Efficient removal of tetracycline by VCo-layered double hydroxide encapsulated with chitosan: Optimization via Box-Behnken design, and thermodynamics.

The VCo-LDH/CS hydrogel beads were created by combining VCo-layered double hydroxide (VCo-LDH) and chitosan (CS) using a cross-linking process with epichlorohydrin. These beads were specifically designed to remove tetracycline (TTC). To characterize the VCo-LDH/CS hydrogel beads, several analytical techniques were used, with PXRD, XPS, FESEM, EDX, and FT-IR. The thorough characterization methods provided crucial information about the phase, crystallinity, morphology, surface properties, and chemical arrangement of the synthesized VCo-LDH/CS hydrogel beads. However, significant changes occurred in these important physical properties after TTC was adsorbed. These alterations in the physical characteristics of the VCo-LDH/CS hydrogel beads indicate that the TTC molecules have been successfully absorbed into the porous assembly of the adsorbent, filling the obtainable adsorption places and causing a decrease in the material's overall surface area, pore size, and pore volume. It was determined that a pH of 7 and an applied dosage of 0.02 g/25 mL were the most favorable conditions for achieving the highest adsorption capability of 546.6 mg/g. The Langmuir equation accurately represented the adsorption isotherm, and the kinetic information were evaluated using the pseudo-second-order model. Chemisorption was utilized for the adsorption procedure, demonstrated by an adsorption energy of 29.62 kJ/mol. Analysis of thermodynamic limits ΔG°, ΔH°, and ΔS° suggested that the adsorption procedure happened spontaneously, maintained by the progressively negative ΔG° as enthalpy and entropy values increased.

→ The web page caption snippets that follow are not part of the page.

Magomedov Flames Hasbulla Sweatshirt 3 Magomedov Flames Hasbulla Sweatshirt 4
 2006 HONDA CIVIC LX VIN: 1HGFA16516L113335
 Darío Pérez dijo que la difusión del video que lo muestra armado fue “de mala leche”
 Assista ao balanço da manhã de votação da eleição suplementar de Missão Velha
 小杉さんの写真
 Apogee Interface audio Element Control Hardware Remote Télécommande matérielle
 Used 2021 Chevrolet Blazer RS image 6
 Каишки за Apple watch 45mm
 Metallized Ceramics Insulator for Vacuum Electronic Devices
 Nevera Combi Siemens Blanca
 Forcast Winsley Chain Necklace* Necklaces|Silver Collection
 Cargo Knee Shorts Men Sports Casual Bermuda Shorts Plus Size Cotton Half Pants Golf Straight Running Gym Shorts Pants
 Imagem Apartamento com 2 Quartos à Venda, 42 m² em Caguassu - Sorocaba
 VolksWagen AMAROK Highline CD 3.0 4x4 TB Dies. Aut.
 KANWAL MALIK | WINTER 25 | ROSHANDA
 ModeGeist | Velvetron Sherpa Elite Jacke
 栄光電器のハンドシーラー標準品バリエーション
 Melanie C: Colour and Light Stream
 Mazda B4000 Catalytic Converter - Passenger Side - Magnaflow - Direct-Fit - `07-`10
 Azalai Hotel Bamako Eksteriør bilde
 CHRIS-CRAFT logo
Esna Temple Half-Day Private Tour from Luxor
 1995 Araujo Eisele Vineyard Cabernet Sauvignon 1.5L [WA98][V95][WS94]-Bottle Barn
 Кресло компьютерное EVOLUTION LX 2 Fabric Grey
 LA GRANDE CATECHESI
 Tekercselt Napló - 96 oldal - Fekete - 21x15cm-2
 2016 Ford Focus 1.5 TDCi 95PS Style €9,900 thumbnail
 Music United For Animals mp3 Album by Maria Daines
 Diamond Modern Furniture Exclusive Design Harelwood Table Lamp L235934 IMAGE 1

This demonstrates the complex and changing nature of the adsorption procedure, with various potential mechanisms suggested to affect it, including π-π interactions, electrostatic forces, pore filling, and hydrogen bonding. The utilization of a Box-Behnken design (BBD) alongside Response Surface Methodology (RSM) enhanced the outcomes of the adsorption process.